I had missed the long view. I stopped to remember October 2010, when “Praise but No Cash” was the headline of my column from the White House Summit on Community Colleges. That meeting was a gift from the White House, after the community college establishment failed to preserve the $12 billion for community colleges that Obama put in his first budget. At the summit, no one I could find from the community college establishment had even brought a proposal for another try.

The lightning response last week, within hours of my first query about tomorrow’s meeting, and a nonstop flood of information, emails and telephone calls from the White House, clobbered that crankiness. (Thank you, Hannah Hankins, from the White House.) That crankiness fell with all the White House briefing releases I had failed to accumulate.
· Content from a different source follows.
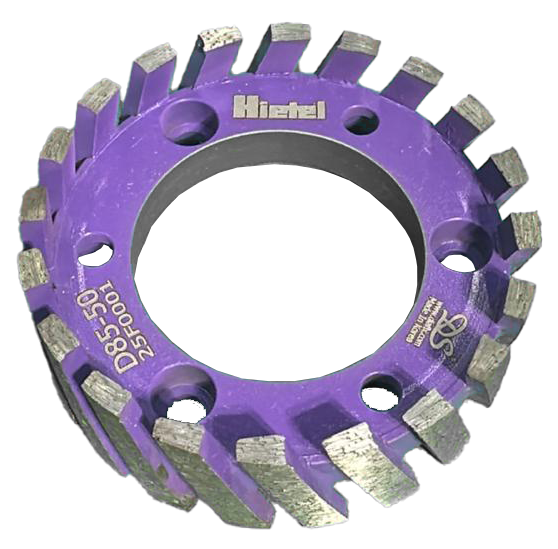 CNC-Diamant-Abtropfflächenfräser | Quarzit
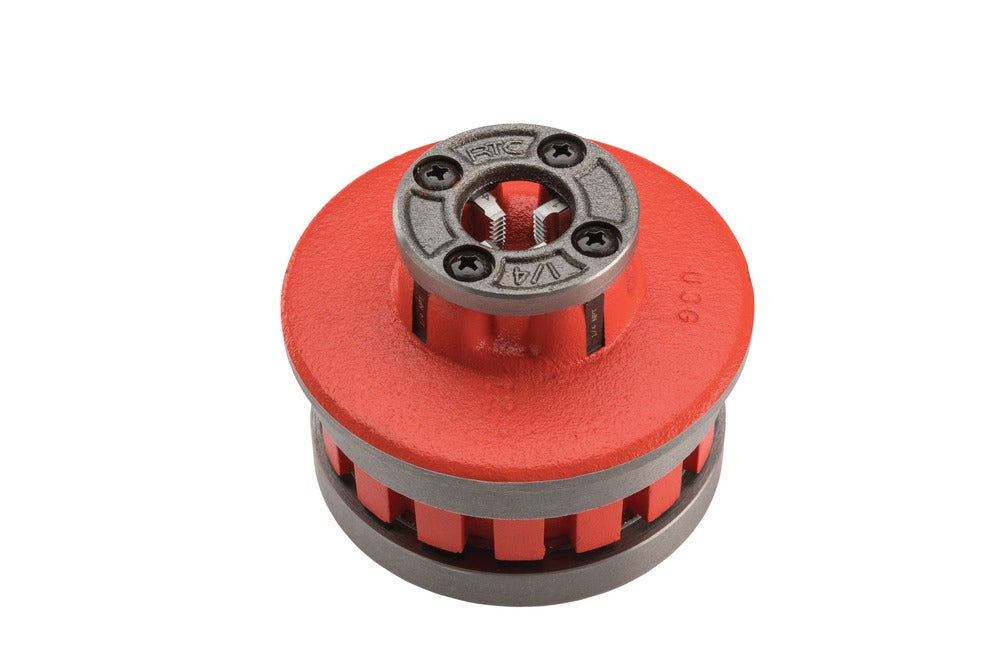 RIDGID 37380 12-R 1/4" NPT Alloy RH Die Head Complete RIDGID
And from the thoughtful 30-minute, off-the-record background call late Friday afternoon with four White House staffers. Is/was the White House spinning me? Absolutely. But when I’m spun with information that makes me stop to reconsider my (then bad) attitude? I choose to listen and to think.

Let’s rewind again to the October 2010 White House summit. I wrote from Washington that day, “Hearing the words ‘community college’ spoken in the White House by the president of the United States? And spoken again by the director of the White House Domestic Policy Council and a member of the White House Council of Economic Advisers? In my lifetime? Until yesterday, I would not even have dreamed. Or that I’d be standing beneath the chandeliers in the East Room, seeing and hearing this myself.”
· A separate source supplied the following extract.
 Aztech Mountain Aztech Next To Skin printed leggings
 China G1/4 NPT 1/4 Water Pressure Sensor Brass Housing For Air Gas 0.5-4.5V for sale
Now, six years later, October 2016? Wednesday’s White House convening will begin with a review on the progress of what I would never have believed possible in October 2010: Obama’s January 2015 State of the Union America’s College Promise proposal. Tuition-free community college for responsible students. (Click here for a summary of the proposed bill.)

That was more than a year ago. The work has continued. Take a look.

My 2010 column White House Summit headline, “Praise but No Cash”? Well, the cash arrived. Turn to the last page of the fact sheet. I found, on one page, the 50-state details of $69.3 billion now invested in the success of community college students, including $1.1 billion for Massachusetts and the hungry students at my door.

My crankiness? By Sunday afternoon, I realized I had missed all that the White House and Department of Education staff had been doing in these eight Obama years. In spite of the economy at the start, in spite of national political inertia of too much of the community college establishment, these staffers, permanent and political appointees, applied the truth that “politics is the art of the possible.” They had done what they could, obstacles or not.

Again I wonder if this is just a column, spun by a wily White House, a put over on an obscure columnist who wishes he were there tomorrow. Have I been spun? Absolutely. And with great skill and a deluge of facts. Of course I swamped in positive spin. In law and policy and legislative terms, so much of this progress for community college students is still in the sausage making of Washington, not yet the sausage. Many states have yet to commit funding. I have found no plans inside the Beltway or out to put America’s College Promise to a vote in the upcoming lame duck session of this Congress. (Proposal to add to tomorrow’s agenda: commission Aaron Sorkin, creator of The West Wing, to write a plausible script for passing the bill. Give the script a try in real life?)

As before I began this column, I do not understand why low-income students, who add up to millions of votes, still, with all Obama has done, end up with the least federal money. As before this column, eliminating student hunger and homelessness, the cause led by my friend Sara Goldrick-Rab, who will be at the White House tomorrow, stays my own top issue. My impatience with much of the community college establishment continues and (you know who you are) please remember these millions of students during the federal free lunch you will receive at the vice president’s residence tomorrow after the White House panel discussions.

For a day or two this week, I’ll be spun. Fair’s fair. To President Obama, to Jill Biden, to the White House and Department of Education staffers, past and present, I shout again, “Thank you.”